SEC in fresh move to segregate roles of CEO and chairman



  • Publishes new consultation paper to obtain public views on CEO/chairman segregation and strengthen corporate governance 
  • Listed entities that fail to adopt proposed rule will be required to create a new role of ‘senior independent director’ 
  • Will also be applicable for listed firms, where roles of chairman and CEO are held by immediate family members
  • Also plans to introduce a set of criteria to be eligible to be termed as an ‘independent’ director

By Nishel Fernando
The Securities and Exchange Commission (SEC) of Sri Lanka appears determined to move ahead with segregating the roles of the chief executive officer (CEO) and chairperson being performed by the same person in the listed entities on the Colombo Stock Exchange (CSE).


The capital market regulator this Monday published a new consultation paper seeking public views to strengthen the corporate governance rules of listed entities, covering the key areas including policies, board and conduct, board subcommittees, relations with shareholders and investors and disclosures in annual reports.


“The chairman and CEO cannot be the same person. Further, the chairman is to be an independent non-executive director,” the consultation paper stated.


The SEC in several occasions in the past had stressed the importance of clear division of responsibilities at board level of a listed firm, to ensure a balance of power and authority that no one individual has unfettered powers of decision. In 2019, it published a separate consultation paper on this, seeking public views.


According to an analysis published in 2019, the same individual performed the role of chairman and CEO/managing director in 17 percent of listed entities listed on the CSE.


According to the latest consultation paper, the listed entities that fail to adopt the proposed rule will have to explain the reason for non-compliance and will also be required to create a new role ‘senior independent director’ (SID) by appointing one of their independent non-executive directors, with full voting powers.


This rule is also proposed to be applicable for listed firms, where the roles of the chairman and CEO are held by immediate family members or when the chairman is also part of the management team or when the chairman is not an independent director.

Such listed firms will be required to disclose the appointment of an SID in an immediate announcement to the market as well as in the company’s annual report.
The appointed SIDs will be requested to file a report on specific measures to address the issues that may arise due to the absence of segregation.


In addition, the SEC also proposed the minimum one meeting to be held by the SID with the independent directors and the non-executive directors, without the participation of the chairman. “Led by the SID, the independent directors shall meet at least once a year, without the presence of the other directors and the SID should provide feedback to the chairman after such meetings. Further, led by the SID, the non-executive directors should meet without the presence of the chairman at least annually to appraise the chairman’s performance and on such other occasions as are deemed appropriate,” the paper stated. Meanwhile, it is proposed to include minimum two non-executive directors or non-executive directors equivalent to one-third of the total number of directors (whichever is higher) in boards of listed entities. 

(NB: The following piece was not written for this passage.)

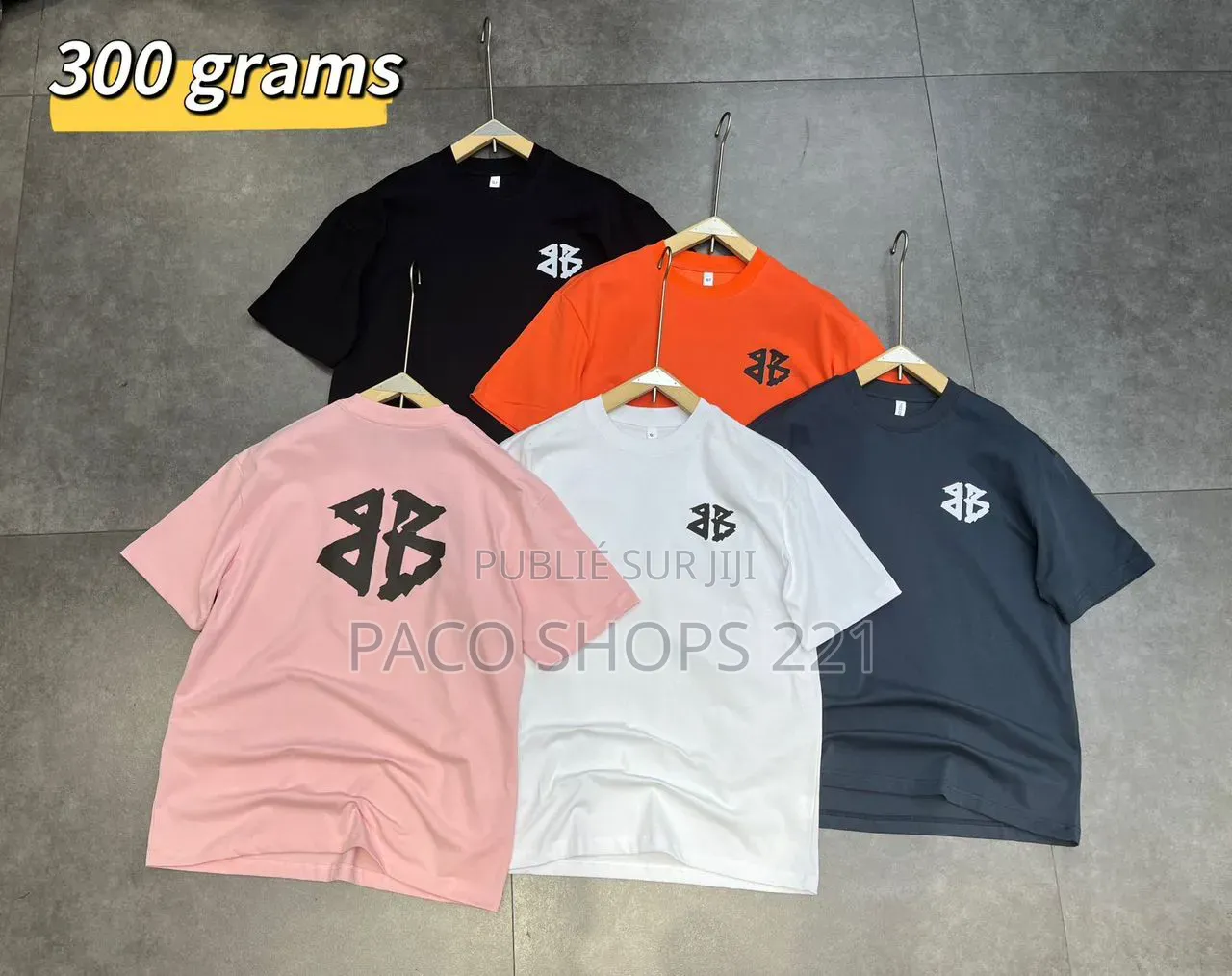 Tee Shirts Style Premium Au Quotidien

Further, where the constitution of the board of directors includes only two non-executive directors, both such non-executive directors need to be ‘independent’ and in all other instances two or one-third of non-executive directors appointed to the board of directors will be required to be ‘independent’, according to the consultation paper. The SEC also plans to update a set of criteria to be eligible to be termed as an ‘independent’ director.  “For a director, who is determined as ‘nevertheless independent’, such director should be independent of management and free of any business or other relationship that could interfere with the exercise of their unfettered and independent judgment,” the paper noted.


The SEC has invited the public to submit their written comments on or before May 15, this year, under the title ‘Public Consultation on Revising Corporate Governance Rules Applicable to Entities Listed on the Colombo Stock Exchange’ by post or email.